----- MATERIAL FOR THIS EXERCISE

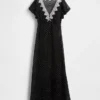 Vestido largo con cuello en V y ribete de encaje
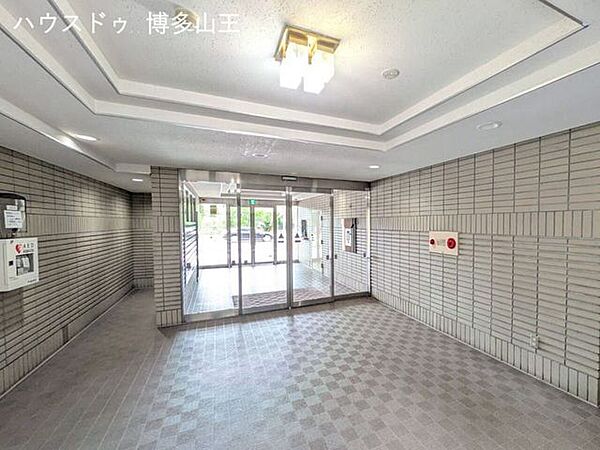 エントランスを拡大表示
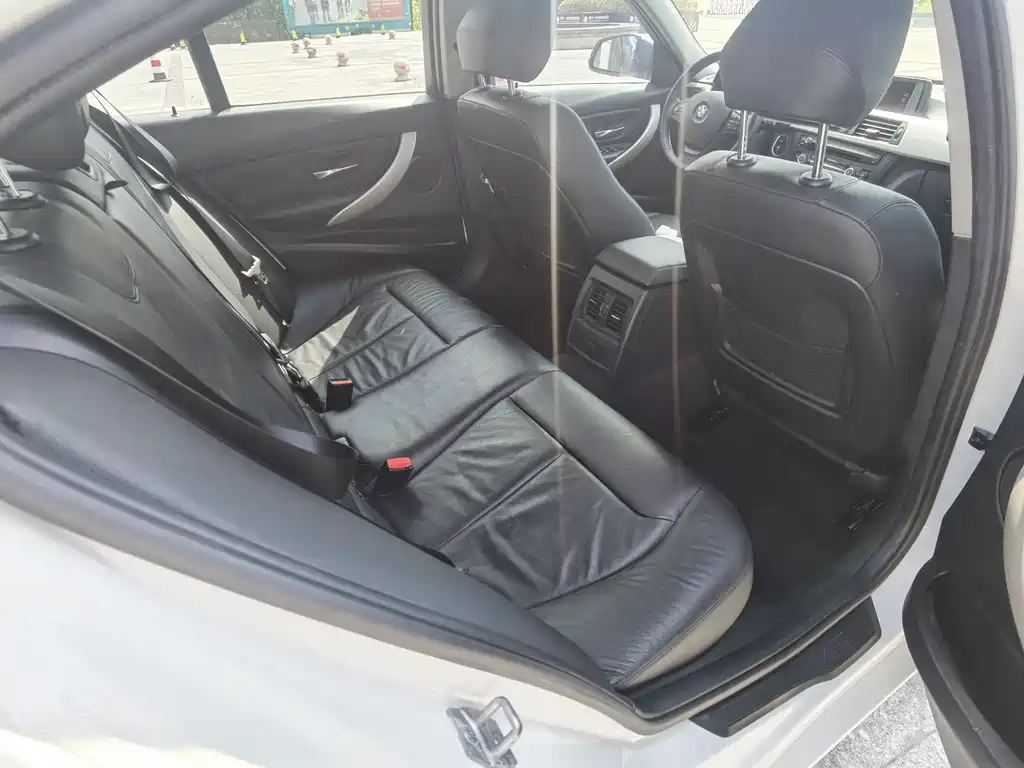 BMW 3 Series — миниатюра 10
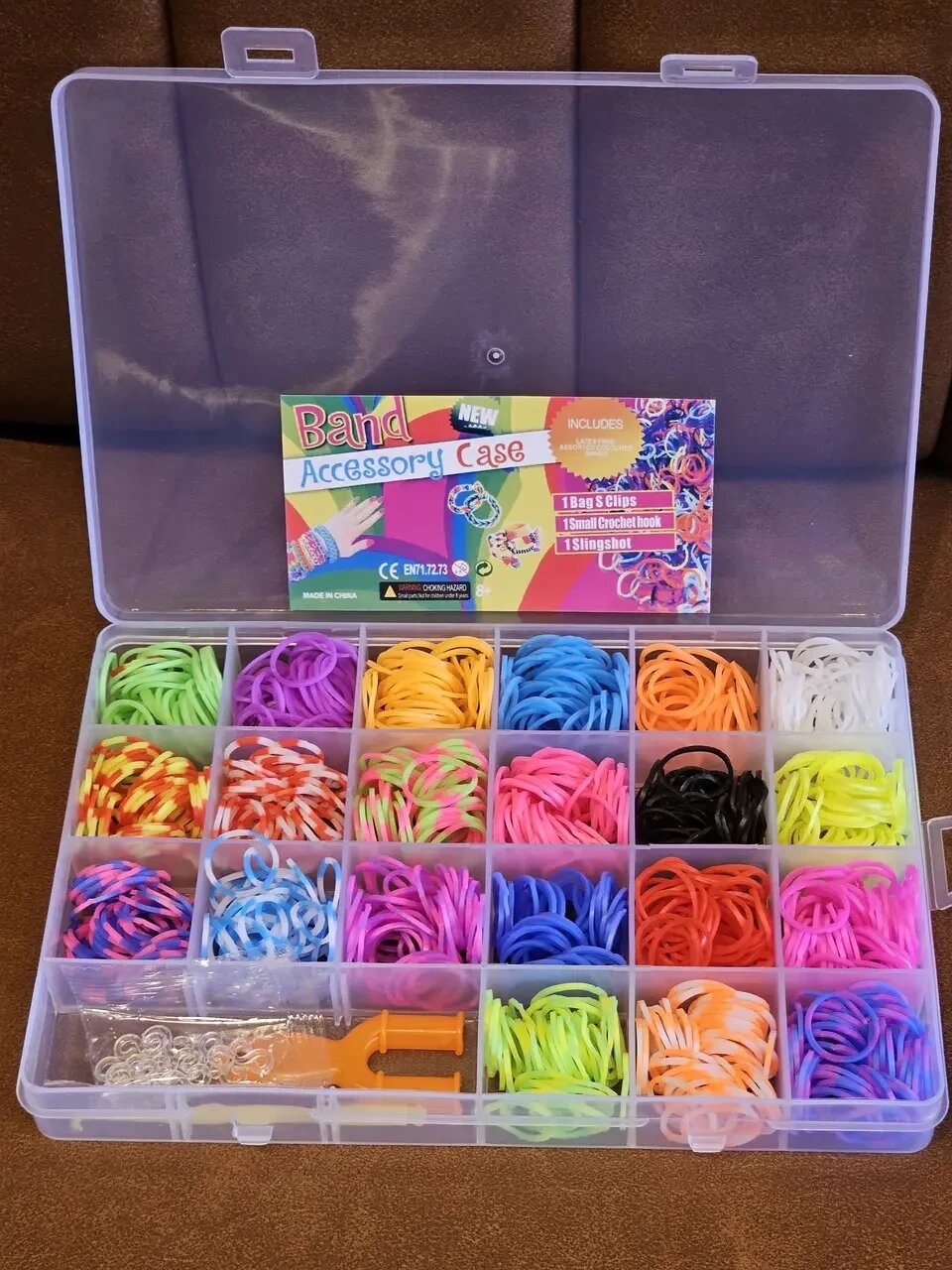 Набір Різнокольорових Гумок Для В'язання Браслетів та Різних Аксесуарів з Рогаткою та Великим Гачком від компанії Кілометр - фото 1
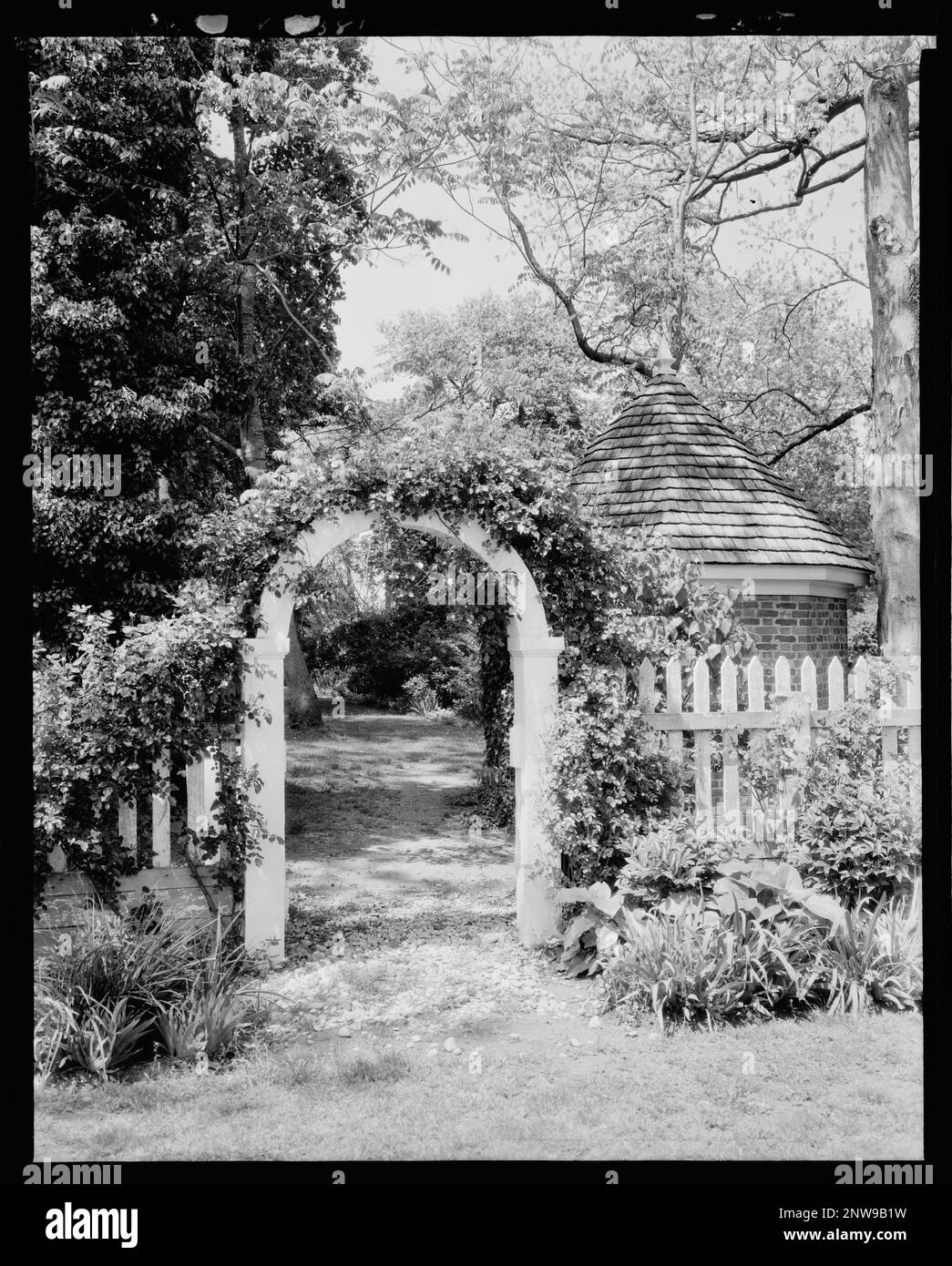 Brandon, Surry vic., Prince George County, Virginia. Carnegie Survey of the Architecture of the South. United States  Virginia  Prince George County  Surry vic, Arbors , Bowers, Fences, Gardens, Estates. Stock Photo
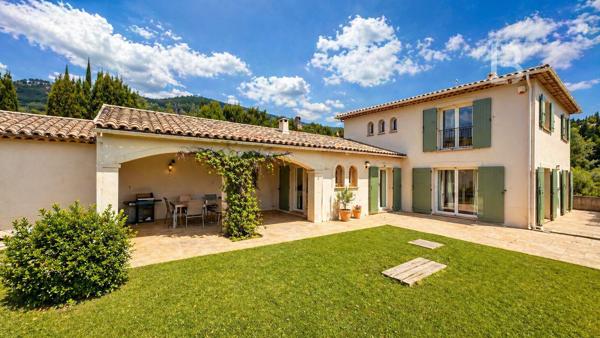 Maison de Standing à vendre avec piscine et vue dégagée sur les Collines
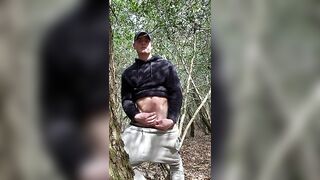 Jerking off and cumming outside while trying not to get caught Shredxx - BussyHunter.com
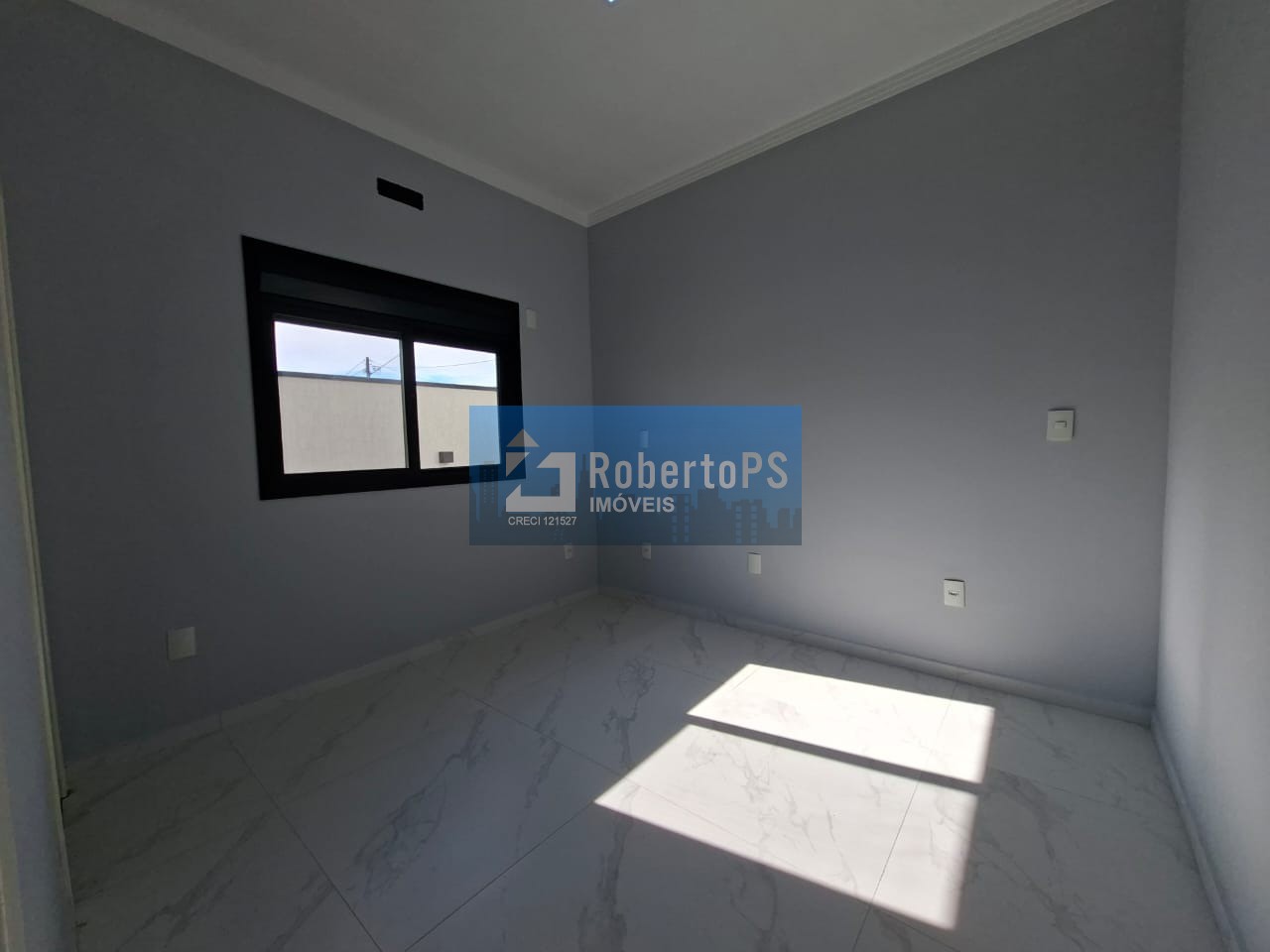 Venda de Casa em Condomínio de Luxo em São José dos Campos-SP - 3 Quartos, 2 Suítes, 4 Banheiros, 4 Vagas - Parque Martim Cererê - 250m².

----------

DESCRIPTION OF THE TASK: Transcribe word for word only the lines from the one with "Jerking off and" through the end of the listing; every picture is to be omitted.

WRITTEN REPLY:
 Jerking off and cumming outside while trying not to get caught Shredxx - BussyHunter.com
 Venda de Casa em Condomínio de Luxo em São José dos Campos-SP - 3 Quartos, 2 Suítes, 4 Banheiros, 4 Vagas - Parque Martim Cererê - 250m².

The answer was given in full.